Web page caption snippets
= = = = = = =
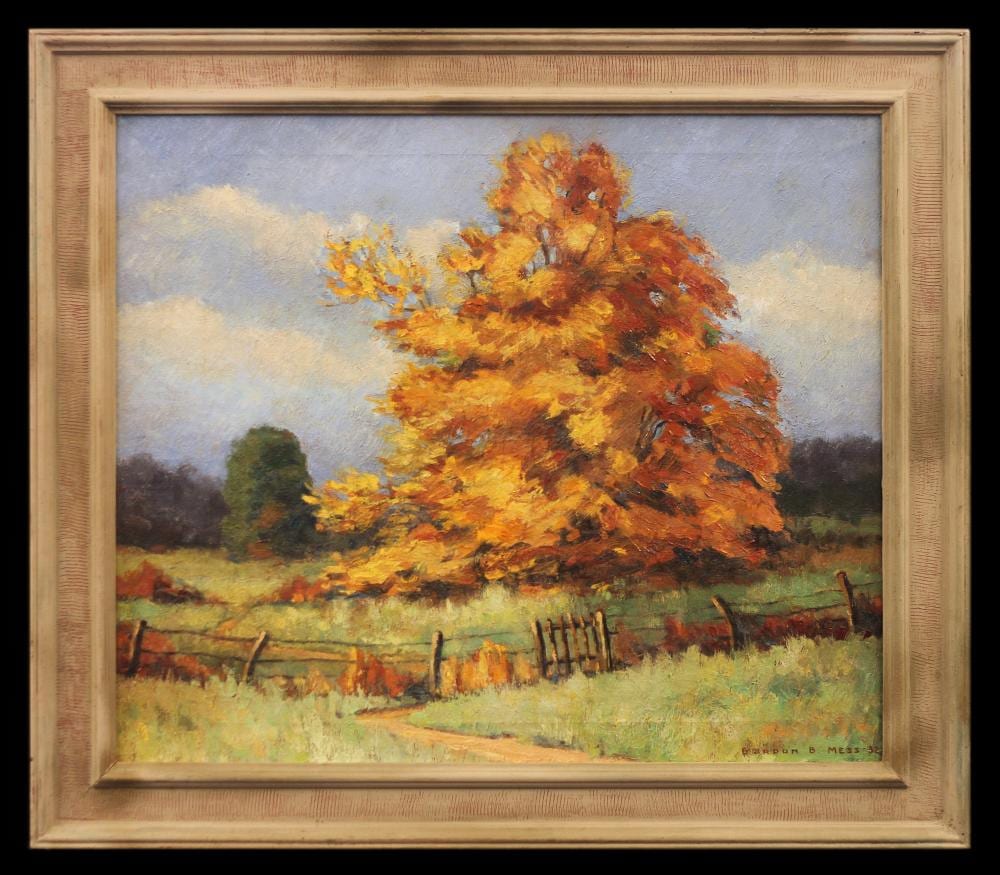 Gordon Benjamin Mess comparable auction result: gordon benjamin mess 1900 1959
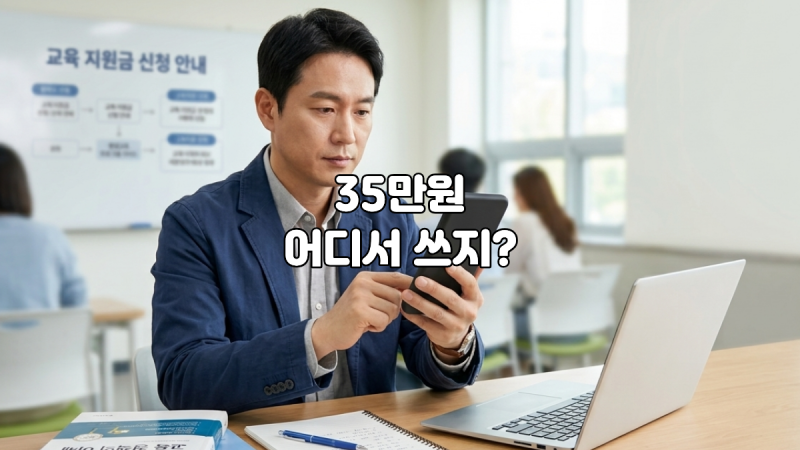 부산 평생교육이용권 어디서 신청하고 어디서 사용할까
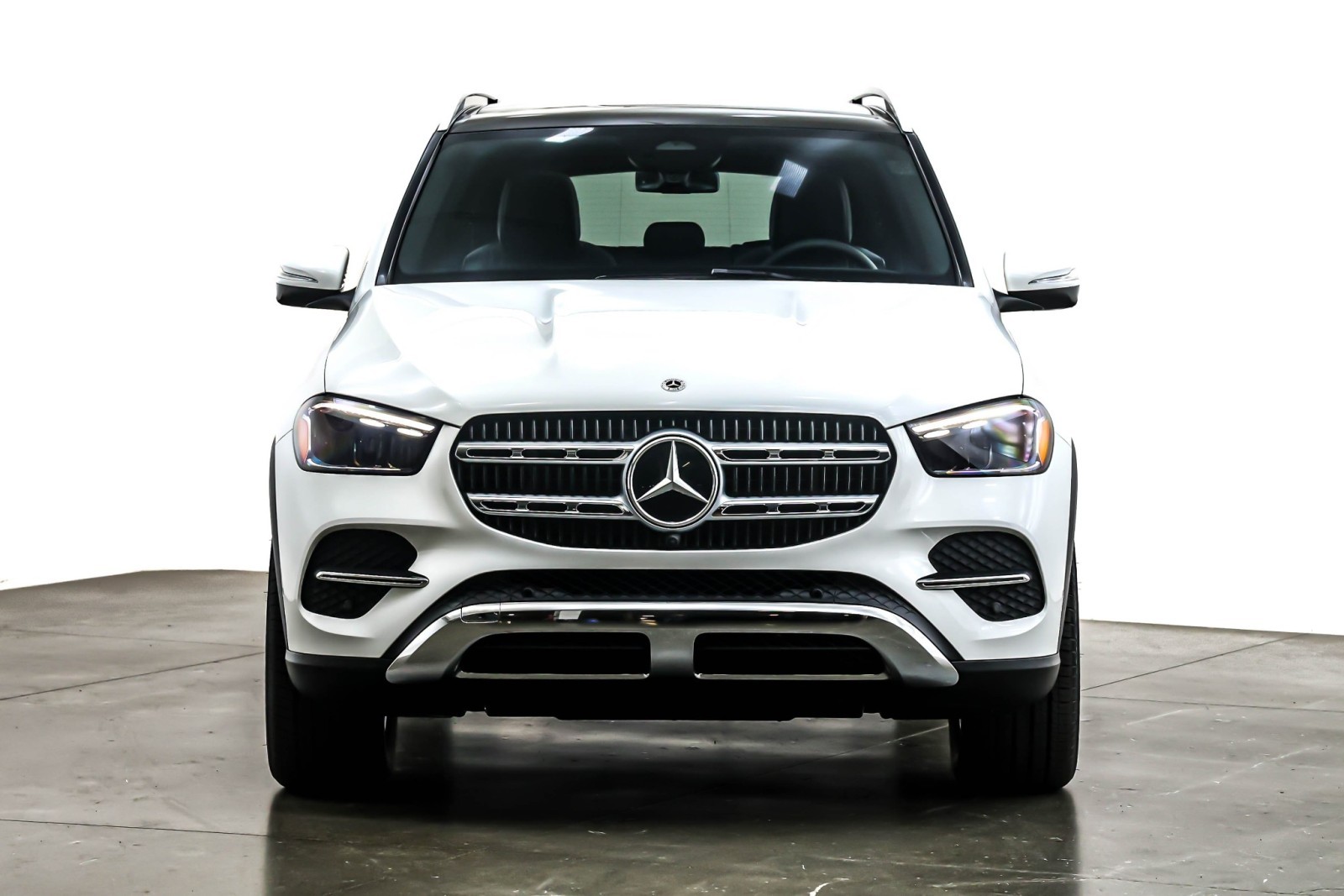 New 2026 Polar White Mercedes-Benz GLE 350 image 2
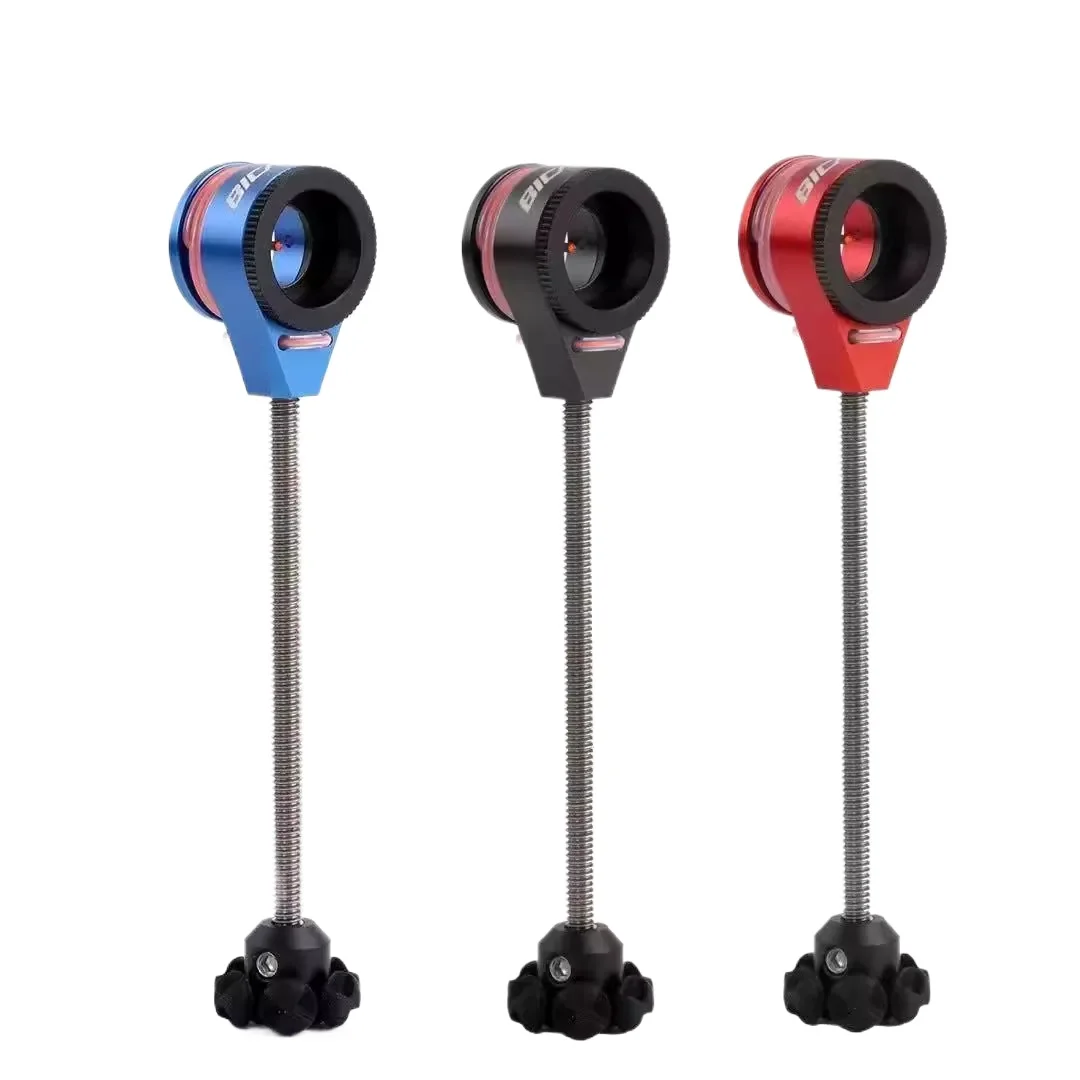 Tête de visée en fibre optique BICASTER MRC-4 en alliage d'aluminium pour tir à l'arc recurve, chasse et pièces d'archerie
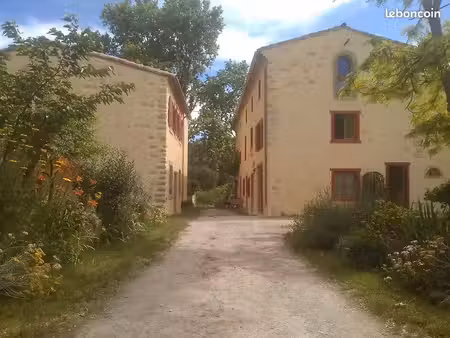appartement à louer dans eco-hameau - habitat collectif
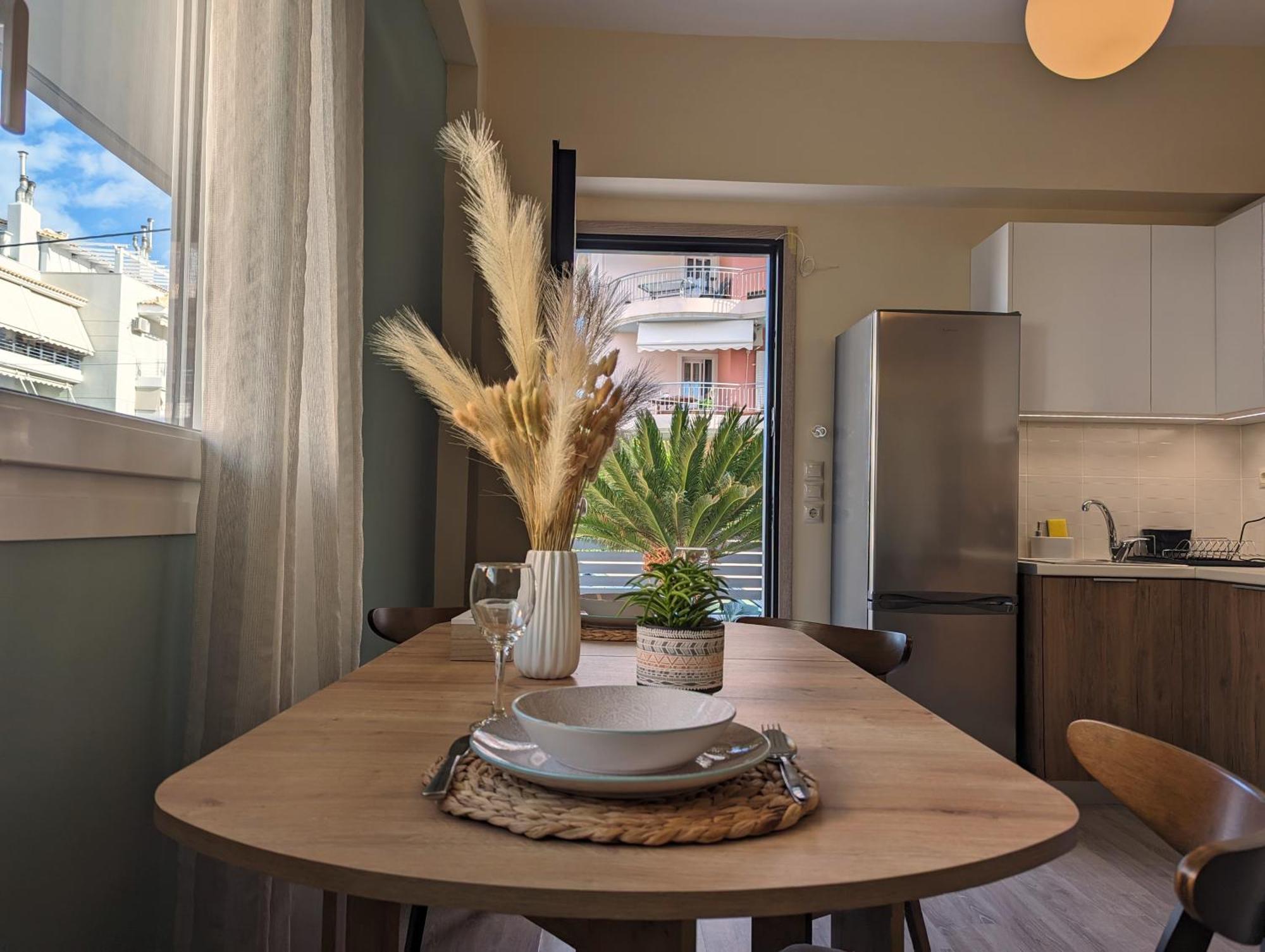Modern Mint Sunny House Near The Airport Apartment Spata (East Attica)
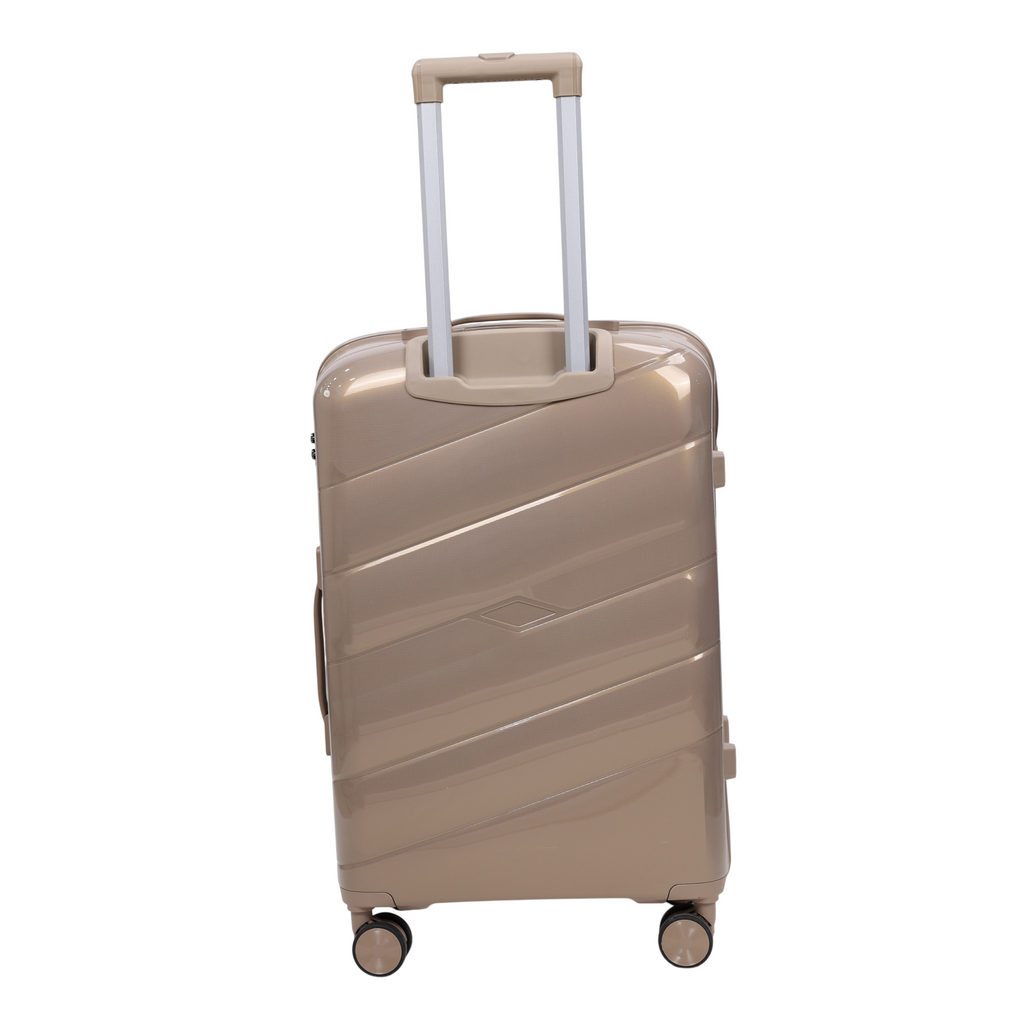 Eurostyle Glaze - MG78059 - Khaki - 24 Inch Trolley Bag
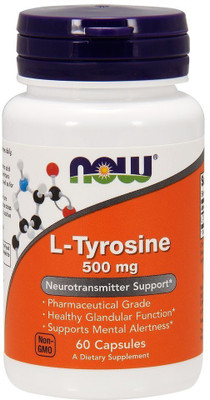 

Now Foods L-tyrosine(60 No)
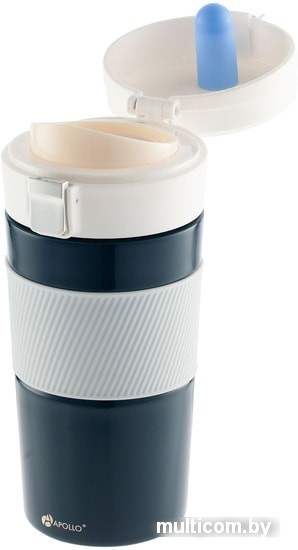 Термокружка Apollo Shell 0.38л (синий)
= = = = = = =
All lines from the one containing "New 2026 Polar" through the end of the entries, both ends included, should be written out exactly, with no pictures.

COMPLETED TASK:
 New 2026 Polar White Mercedes-Benz GLE 350 image 2
 Tête de visée en fibre optique BICASTER MRC-4 en alliage d'aluminium pour tir à l'arc recurve, chasse et pièces d'archerie
appartement à louer dans eco-hameau - habitat collectif
Modern Mint Sunny House Near The Airport Apartment Spata (East Attica)
 Eurostyle Glaze - MG78059 - Khaki - 24 Inch Trolley Bag

Now Foods L-tyrosine(60 No)
 Термокружка Apollo Shell 0.38л (синий)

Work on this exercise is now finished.